Any reason to put it above the TV as opposed to under?


----------



## pitbull24 (Jan 17, 2009)

axiom vp150, and the picture on my TV is only 6.5 inches above the stand so the center channel blocks a little of the picture. The speaker ways 22 pounds. I could not find anything specifically made to adapt to the TV. Looks like my best bet is to mount a shelf of some sort to the wall behind the TV.


----------



## tcarcio (Jun 27, 2007)

Maybe you could go with a bracketless shelf like this....http://www.lowes.com/lowes/lkn?action=productDetail&productId=144210-46958-0194160&lpage=none


----------



## eugovector (Sep 4, 2006)

As long as it wouldn't block the port on your center (assuming it's rear-ported, didn't find it in the specs on Axiom's website), and you have 7.5" of space in front of your TV stand, you could just build a sturdy stand to raise your TV up a couple inches.


----------



## Cincyborn (Feb 10, 2009)

Axiom sells a bracket called the FULL METAL BRACKET that mounts directly to your wall. Its articulated so you can tilt the speaker the way you want it. There is a mounting screw on the back of the 150 just for that. Personally I feel it would be better than a shelf but don't know if it serves your needs. Hope that helps.

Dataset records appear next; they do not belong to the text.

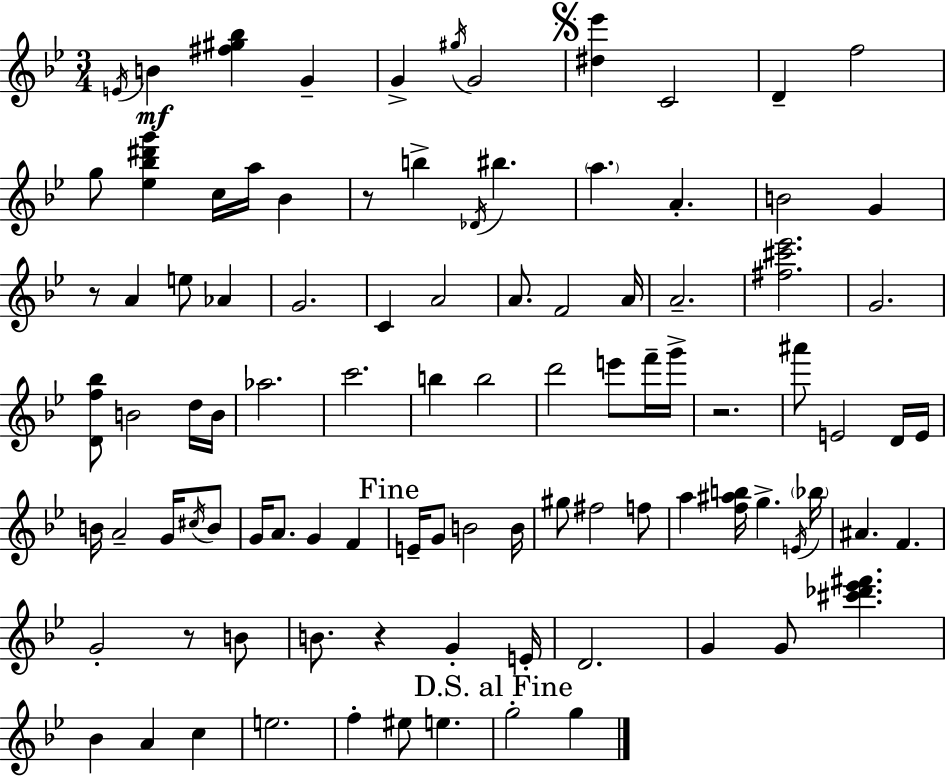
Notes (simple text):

E4/s B4/q [F#5,G#5,Bb5]/q G4/q G4/q G#5/s G4/h [D#5,Eb6]/q C4/h D4/q F5/h G5/e [Eb5,Bb5,D#6,G6]/q C5/s A5/s Bb4/q R/e B5/q Db4/s BIS5/q. A5/q. A4/q. B4/h G4/q R/e A4/q E5/e Ab4/q G4/h. C4/q A4/h A4/e. F4/h A4/s A4/h. [F#5,C#6,Eb6]/h. G4/h. [D4,F5,Bb5]/e B4/h D5/s B4/s Ab5/h. C6/h. B5/q B5/h D6/h E6/e F6/s G6/s R/h. A#6/e E4/h D4/s E4/s B4/s A4/h G4/s C#5/s B4/e G4/s A4/e. G4/q F4/q E4/s G4/e B4/h B4/s G#5/e F#5/h F5/e A5/q [F5,A#5,B5]/s G5/q. E4/s Bb5/s A#4/q. F4/q. G4/h R/e B4/e B4/e. R/q G4/q E4/s D4/h. G4/q G4/e [C#6,Db6,Eb6,F#6]/q. Bb4/q A4/q C5/q E5/h. F5/q EIS5/e E5/q. G5/h G5/q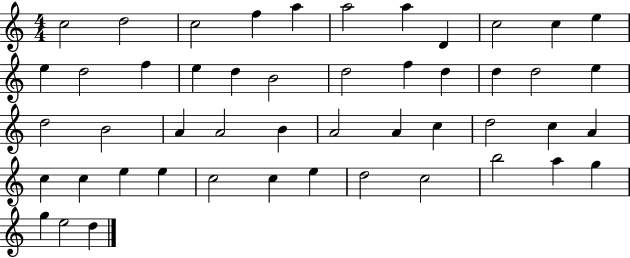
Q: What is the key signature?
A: C major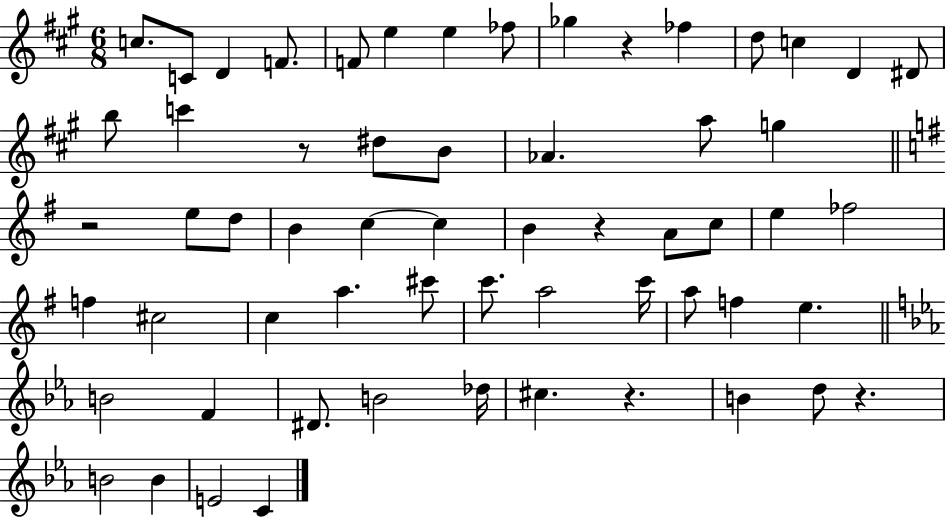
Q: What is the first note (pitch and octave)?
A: C5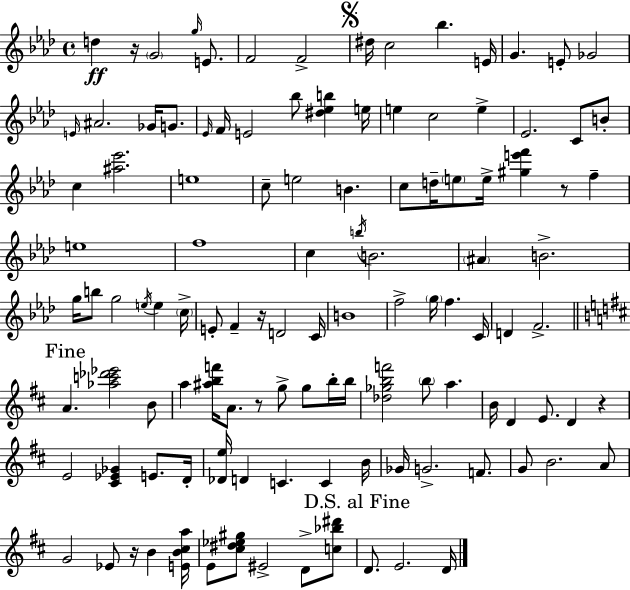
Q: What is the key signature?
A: F minor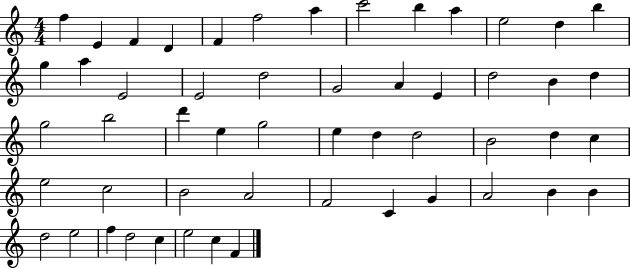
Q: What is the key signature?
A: C major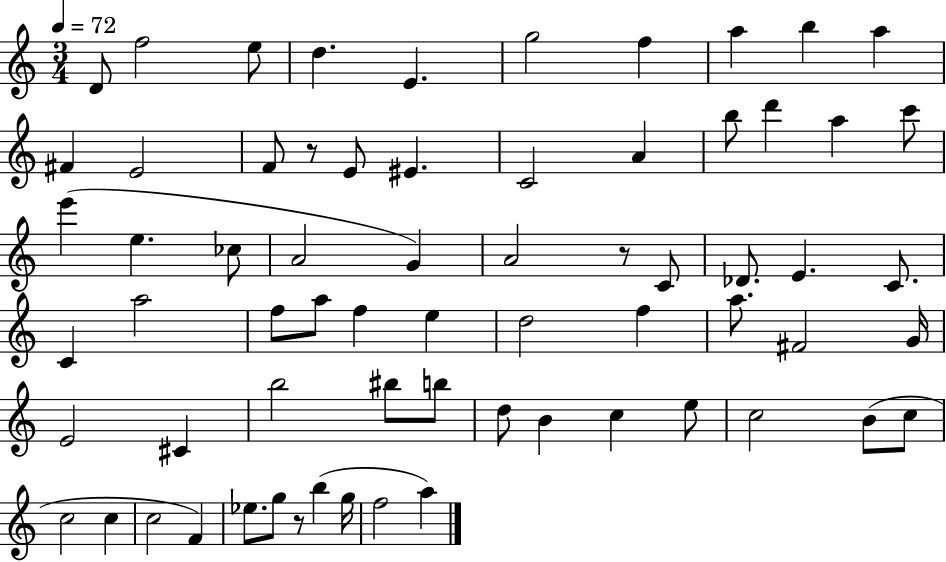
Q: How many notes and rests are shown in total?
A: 67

_The VP150's tapered wedge shape lets you angle the speaker up or down toward the listening area, depending on whether you have the center channel above or below the TV screen. It also has a hex-bolt mount so that you can easily wall-mount the speaker using our Full Metal Bracket._

I cut and pasted the above directly from the discription on the Axiom site.


----------



## pitbull24 (Jan 17, 2009)

Thanks for the suggestions! I was trying to stay away from wall mounting or a shelf due to WAP. I am thinking of building a small stand to set the plasma on which would also house the vp150.


----------